He wondered if the smile reached his eyes, because his words definitely didn't reach his heart.

Without much feeling in his limbs he made a show of waltzing over to the computers and commandeering them from the young lab assistants, typing away as fast as he could while still looking casual. The quicker this was over the quicker he could just run and hide and pretend the world was sane again. Pretend _his_ world was still intact.

Within minutes of furious thought and typing that only served to distract him a little, he started barking orders at the lab rats, none too kindly. He soon had his creation in a syringe and waltzed back over to the frozen hero.

He hadn't moved. Of course he hadn't, he had been waiting and not moving for 70 years for Howard Stark to finally save him, and all he got was the half-ass replacement his son was.

_This_ was the man who he'd lost his childhood to.
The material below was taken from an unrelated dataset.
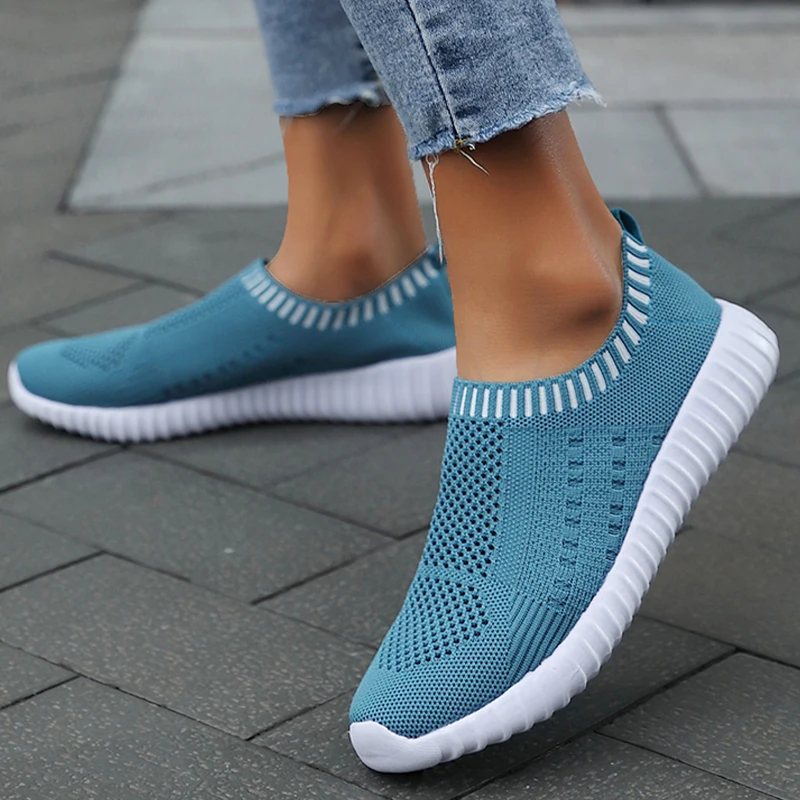 

Breathable Women Sneakers Lightweight Women Casual Shoes Outdoor Non-Slip Sport Shoes Big Size Mesh Female Flats Free Shipping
This was the man his father had compared him to at every turn. No matter the fact he was creating computers by age four, robots by age six, and the world's first artificial intelligence by age nine, he was still not good enough for Howard Stark. Tony had _turned into_ Howard Stark, though far more brilliant, and that only served to anger the older man in his drunken rages, produced by his frustrations with his hopeless search. Tony had been the spitting image of his father, when all Howard had wanted was someone like Captain America to look up to again. Instead, he found a disappointment to look _down_ to in his son.
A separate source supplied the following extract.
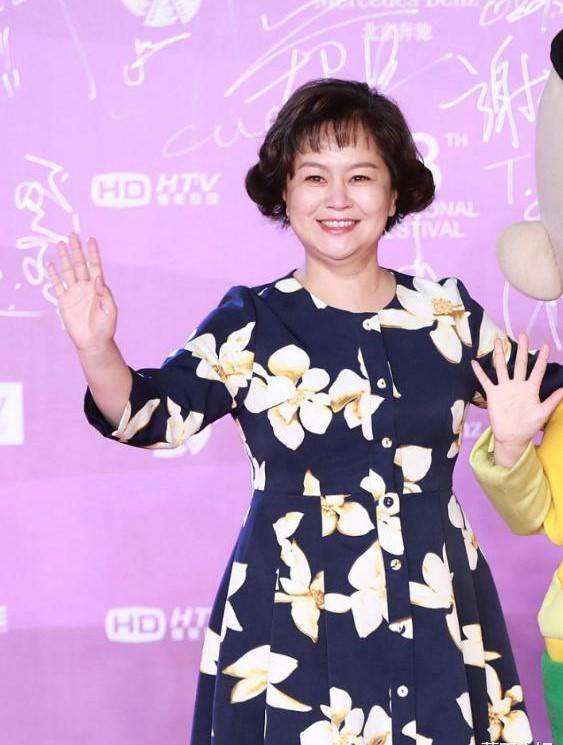 原创55岁鞠萍姐姐真实近照曝光满脸皱纹皮肤松垮像70岁网友这是鞠萍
This was the man his father had chosen over him, the man who Tony knew better than anyone else, against his will.

And oh, how he knew Steve Rodgers wasn't to blame. He knew damn well that no matter how much he _hated_ Howard Stark for doing this to him, for giving him something impossible to live up to, he knew it was not the Captain's fault. The one thing he had learned from his father better than any other lesson in science or robotics, was that Captain America was a hero, and that Tony was not.

Everyone in this room—hell, this _country—_loved this hero. It was obvious in their eyes the same way their annoyance and impatience with him was as obvious as if it were still his father's face looking back at him at every turn. A suit of iron was a cheap trick compared to the real hero, and everyone knew it. It made every fake word out of his mouth taste like bitter honey.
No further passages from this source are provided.